:: DATA SEGMENT

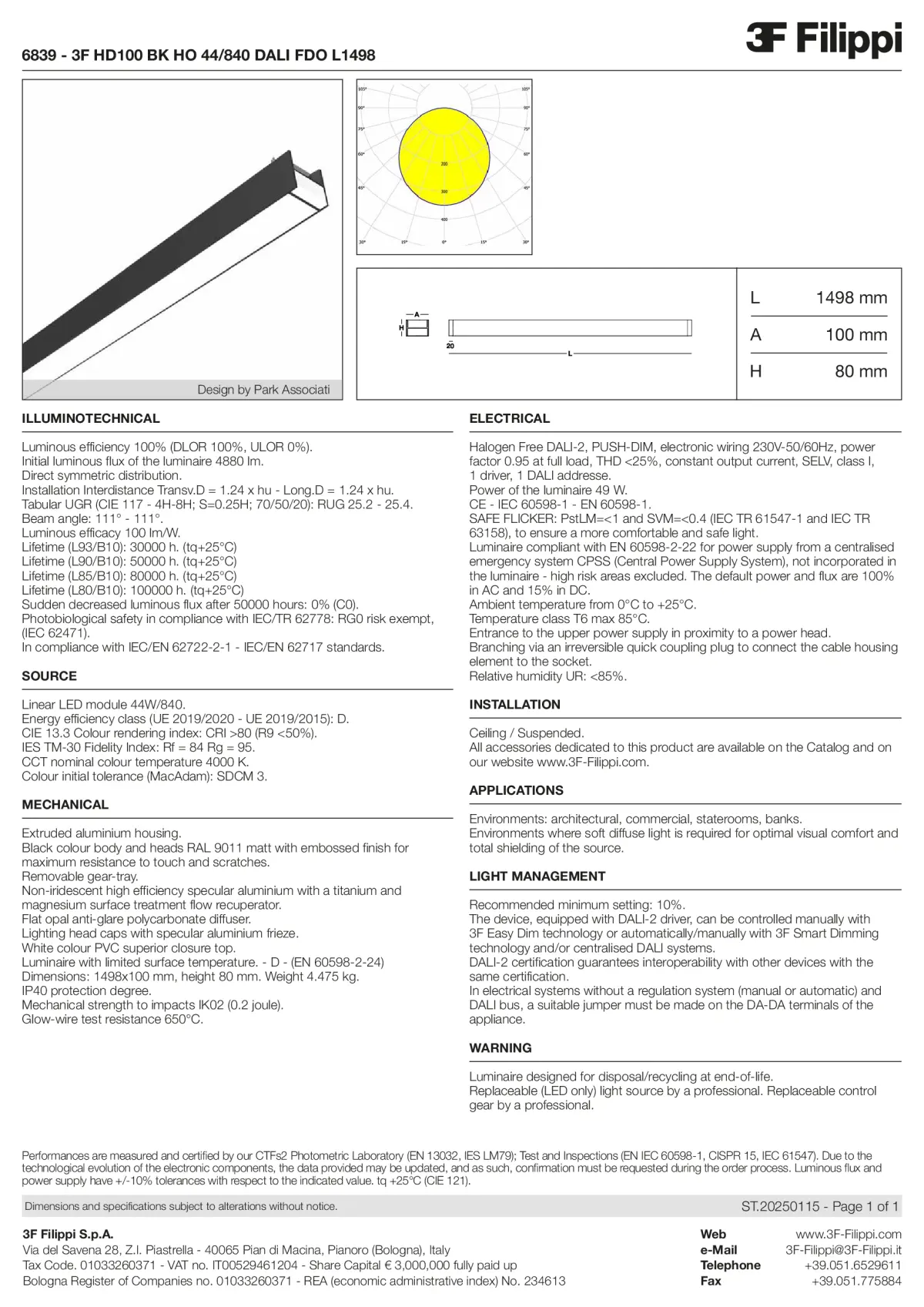 6839 - 3F HD100 BK HO 44-840 DALI FDO L1498 - Datasheet - en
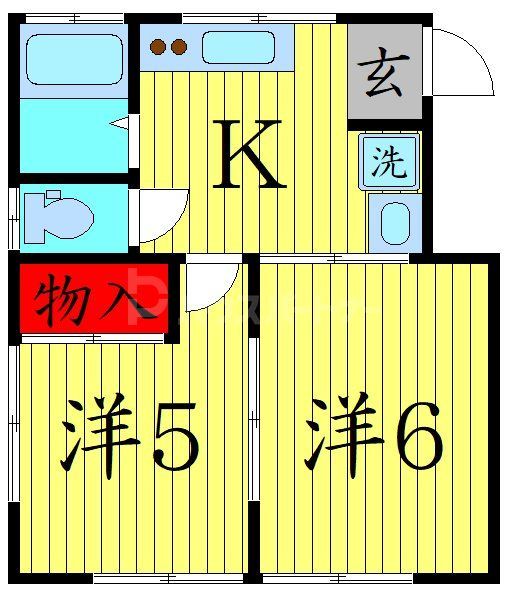 墨田区八広のアパートの間取り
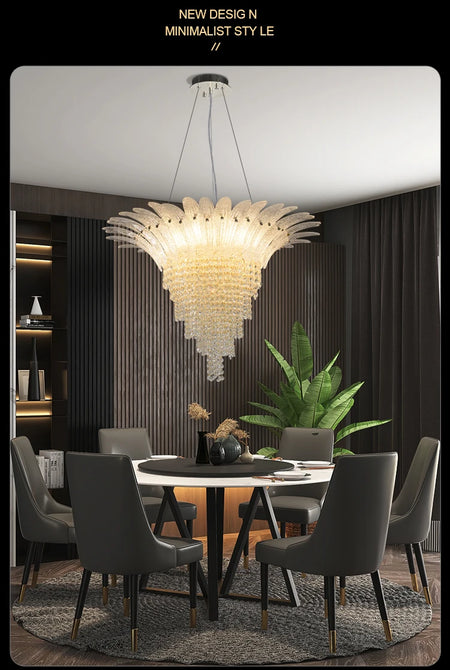 Chandelier - French Designer Crystal Chandelier Adjustable Height SW-36210345 - SWEET-LIGHTS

::::

*HOW TO COMPLETE THIS TASK*.
Leave out the pictures and print every line of the data exactly.

*RESPONSE TO THIS TASK*.
 6839 - 3F HD100 BK HO 44-840 DALI FDO L1498 - Datasheet - en
 墨田区八広のアパートの間取り
 Chandelier - French Designer Crystal Chandelier Adjustable Height SW-36210345 - SWEET-LIGHTS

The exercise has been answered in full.